■ The problem:
Write back each entry precisely as it is given.

(Stored dataset items)
----------------------------------------
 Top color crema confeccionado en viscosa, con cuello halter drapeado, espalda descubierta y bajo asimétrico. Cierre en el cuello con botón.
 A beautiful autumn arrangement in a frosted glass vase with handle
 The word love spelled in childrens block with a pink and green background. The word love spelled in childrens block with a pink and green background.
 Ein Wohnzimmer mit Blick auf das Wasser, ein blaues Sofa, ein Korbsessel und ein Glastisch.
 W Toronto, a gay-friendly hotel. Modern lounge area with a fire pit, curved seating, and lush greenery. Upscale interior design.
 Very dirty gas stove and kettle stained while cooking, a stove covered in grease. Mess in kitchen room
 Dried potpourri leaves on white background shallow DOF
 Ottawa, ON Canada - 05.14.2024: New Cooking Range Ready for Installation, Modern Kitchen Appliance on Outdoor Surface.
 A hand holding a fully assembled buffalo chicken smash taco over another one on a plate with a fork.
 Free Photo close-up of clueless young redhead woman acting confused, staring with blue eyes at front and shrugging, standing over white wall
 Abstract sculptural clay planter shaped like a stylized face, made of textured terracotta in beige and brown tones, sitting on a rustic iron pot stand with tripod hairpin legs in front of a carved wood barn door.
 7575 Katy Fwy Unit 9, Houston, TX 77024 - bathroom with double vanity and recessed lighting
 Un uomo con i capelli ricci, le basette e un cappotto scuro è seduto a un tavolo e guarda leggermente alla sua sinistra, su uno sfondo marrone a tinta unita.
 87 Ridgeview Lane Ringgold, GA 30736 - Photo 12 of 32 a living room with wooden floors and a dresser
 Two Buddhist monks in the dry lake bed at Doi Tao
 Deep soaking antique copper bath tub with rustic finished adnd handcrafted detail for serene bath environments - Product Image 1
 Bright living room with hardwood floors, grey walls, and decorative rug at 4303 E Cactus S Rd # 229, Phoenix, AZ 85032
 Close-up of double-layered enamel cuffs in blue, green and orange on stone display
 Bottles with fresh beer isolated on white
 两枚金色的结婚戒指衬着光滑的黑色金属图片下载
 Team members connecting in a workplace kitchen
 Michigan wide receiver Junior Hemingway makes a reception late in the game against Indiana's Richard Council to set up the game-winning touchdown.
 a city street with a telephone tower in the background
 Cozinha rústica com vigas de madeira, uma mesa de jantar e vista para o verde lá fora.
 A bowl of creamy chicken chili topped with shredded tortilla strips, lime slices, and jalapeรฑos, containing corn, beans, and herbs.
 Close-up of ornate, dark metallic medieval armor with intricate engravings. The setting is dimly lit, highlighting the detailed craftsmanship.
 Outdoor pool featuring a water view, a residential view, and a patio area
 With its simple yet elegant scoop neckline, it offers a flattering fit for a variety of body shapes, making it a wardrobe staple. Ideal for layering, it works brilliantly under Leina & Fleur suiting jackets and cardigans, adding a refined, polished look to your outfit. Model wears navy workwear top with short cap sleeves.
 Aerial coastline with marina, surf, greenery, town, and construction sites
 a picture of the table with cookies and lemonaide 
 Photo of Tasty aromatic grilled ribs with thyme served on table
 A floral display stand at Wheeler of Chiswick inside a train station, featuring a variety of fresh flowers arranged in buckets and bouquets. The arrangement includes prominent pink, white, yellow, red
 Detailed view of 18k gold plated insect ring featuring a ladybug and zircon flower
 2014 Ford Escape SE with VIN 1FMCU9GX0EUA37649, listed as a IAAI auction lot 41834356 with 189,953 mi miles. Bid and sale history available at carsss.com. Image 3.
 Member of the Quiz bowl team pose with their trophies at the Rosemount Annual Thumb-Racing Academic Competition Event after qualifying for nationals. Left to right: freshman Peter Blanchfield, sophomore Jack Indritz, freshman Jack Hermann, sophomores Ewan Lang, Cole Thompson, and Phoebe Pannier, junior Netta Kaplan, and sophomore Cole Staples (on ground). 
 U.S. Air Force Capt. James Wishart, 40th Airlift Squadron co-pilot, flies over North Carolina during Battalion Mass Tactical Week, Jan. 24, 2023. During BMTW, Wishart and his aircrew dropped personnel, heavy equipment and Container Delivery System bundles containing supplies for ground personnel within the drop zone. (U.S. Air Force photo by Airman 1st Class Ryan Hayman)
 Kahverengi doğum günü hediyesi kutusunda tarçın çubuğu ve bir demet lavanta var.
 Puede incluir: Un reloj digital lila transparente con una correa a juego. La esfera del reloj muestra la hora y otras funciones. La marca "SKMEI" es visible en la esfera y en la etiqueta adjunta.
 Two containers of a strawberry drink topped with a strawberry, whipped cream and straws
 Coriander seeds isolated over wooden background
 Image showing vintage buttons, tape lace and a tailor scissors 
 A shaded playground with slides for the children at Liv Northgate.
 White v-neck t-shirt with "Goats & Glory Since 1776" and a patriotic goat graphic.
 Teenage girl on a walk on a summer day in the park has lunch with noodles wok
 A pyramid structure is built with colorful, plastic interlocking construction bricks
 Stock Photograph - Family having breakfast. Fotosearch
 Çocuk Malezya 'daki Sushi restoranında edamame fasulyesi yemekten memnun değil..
----------------------------------------
■ Answer box:
 Top color crema confeccionado en viscosa, con cuello halter drapeado, espalda descubierta y bajo asimétrico. Cierre en el cuello con botón.
 A beautiful autumn arrangement in a frosted glass vase with handle
 The word love spelled in childrens block with a pink and green background. The word love spelled in childrens block with a pink and green background.
 Ein Wohnzimmer mit Blick auf das Wasser, ein blaues Sofa, ein Korbsessel und ein Glastisch.
 W Toronto, a gay-friendly hotel. Modern lounge area with a fire pit, curved seating, and lush greenery. Upscale interior design.
 Very dirty gas stove and kettle stained while cooking, a stove covered in grease. Mess in kitchen room
 Dried potpourri leaves on white background shallow DOF
 Ottawa, ON Canada - 05.14.2024: New Cooking Range Ready for Installation, Modern Kitchen Appliance on Outdoor Surface.
 A hand holding a fully assembled buffalo chicken smash taco over another one on a plate with a fork.
 Free Photo close-up of clueless young redhead woman acting confused, staring with blue eyes at front and shrugging, standing over white wall
 Abstract sculptural clay planter shaped like a stylized face, made of textured terracotta in beige and brown tones, sitting on a rustic iron pot stand with tripod hairpin legs in front of a carved wood barn door.
 7575 Katy Fwy Unit 9, Houston, TX 77024 - bathroom with double vanity and recessed lighting
 Un uomo con i capelli ricci, le basette e un cappotto scuro è seduto a un tavolo e guarda leggermente alla sua sinistra, su uno sfondo marrone a tinta unita.
 87 Ridgeview Lane Ringgold, GA 30736 - Photo 12 of 32 a living room with wooden floors and a dresser
 Two Buddhist monks in the dry lake bed at Doi Tao
 Deep soaking antique copper bath tub with rustic finished adnd handcrafted detail for serene bath environments - Product Image 1
 Bright living room with hardwood floors, grey walls, and decorative rug at 4303 E Cactus S Rd # 229, Phoenix, AZ 85032
 Close-up of double-layered enamel cuffs in blue, green and orange on stone display
 Bottles with fresh beer isolated on white
 两枚金色的结婚戒指衬着光滑的黑色金属图片下载
 Team members connecting in a workplace kitchen
 Michigan wide receiver Junior Hemingway makes a reception late in the game against Indiana's Richard Council to set up the game-winning touchdown.
 a city street with a telephone tower in the background
 Cozinha rústica com vigas de madeira, uma mesa de jantar e vista para o verde lá fora.
 A bowl of creamy chicken chili topped with shredded tortilla strips, lime slices, and jalapeรฑos, containing corn, beans, and herbs.
 Close-up of ornate, dark metallic medieval armor with intricate engravings. The setting is dimly lit, highlighting the detailed craftsmanship.
 Outdoor pool featuring a water view, a residential view, and a patio area
 With its simple yet elegant scoop neckline, it offers a flattering fit for a variety of body shapes, making it a wardrobe staple. Ideal for layering, it works brilliantly under Leina & Fleur suiting jackets and cardigans, adding a refined, polished look to your outfit. Model wears navy workwear top with short cap sleeves.
 Aerial coastline with marina, surf, greenery, town, and construction sites
 a picture of the table with cookies and lemonaide 
 Photo of Tasty aromatic grilled ribs with thyme served on table
 A floral display stand at Wheeler of Chiswick inside a train station, featuring a variety of fresh flowers arranged in buckets and bouquets. The arrangement includes prominent pink, white, yellow, red
 Detailed view of 18k gold plated insect ring featuring a ladybug and zircon flower
 2014 Ford Escape SE with VIN 1FMCU9GX0EUA37649, listed as a IAAI auction lot 41834356 with 189,953 mi miles. Bid and sale history available at carsss.com. Image 3.
 Member of the Quiz bowl team pose with their trophies at the Rosemount Annual Thumb-Racing Academic Competition Event after qualifying for nationals. Left to right: freshman Peter Blanchfield, sophomore Jack Indritz, freshman Jack Hermann, sophomores Ewan Lang, Cole Thompson, and Phoebe Pannier, junior Netta Kaplan, and sophomore Cole Staples (on ground). 
 U.S. Air Force Capt. James Wishart, 40th Airlift Squadron co-pilot, flies over North Carolina during Battalion Mass Tactical Week, Jan. 24, 2023. During BMTW, Wishart and his aircrew dropped personnel, heavy equipment and Container Delivery System bundles containing supplies for ground personnel within the drop zone. (U.S. Air Force photo by Airman 1st Class Ryan Hayman)
 Kahverengi doğum günü hediyesi kutusunda tarçın çubuğu ve bir demet lavanta var.
 Puede incluir: Un reloj digital lila transparente con una correa a juego. La esfera del reloj muestra la hora y otras funciones. La marca "SKMEI" es visible en la esfera y en la etiqueta adjunta.
 Two containers of a strawberry drink topped with a strawberry, whipped cream and straws
 Coriander seeds isolated over wooden background
 Image showing vintage buttons, tape lace and a tailor scissors 
 A shaded playground with slides for the children at Liv Northgate.
 White v-neck t-shirt with "Goats & Glory Since 1776" and a patriotic goat graphic.
 Teenage girl on a walk on a summer day in the park has lunch with noodles wok
 A pyramid structure is built with colorful, plastic interlocking construction bricks
 Stock Photograph - Family having breakfast. Fotosearch
 Çocuk Malezya 'daki Sushi restoranında edamame fasulyesi yemekten memnun değil..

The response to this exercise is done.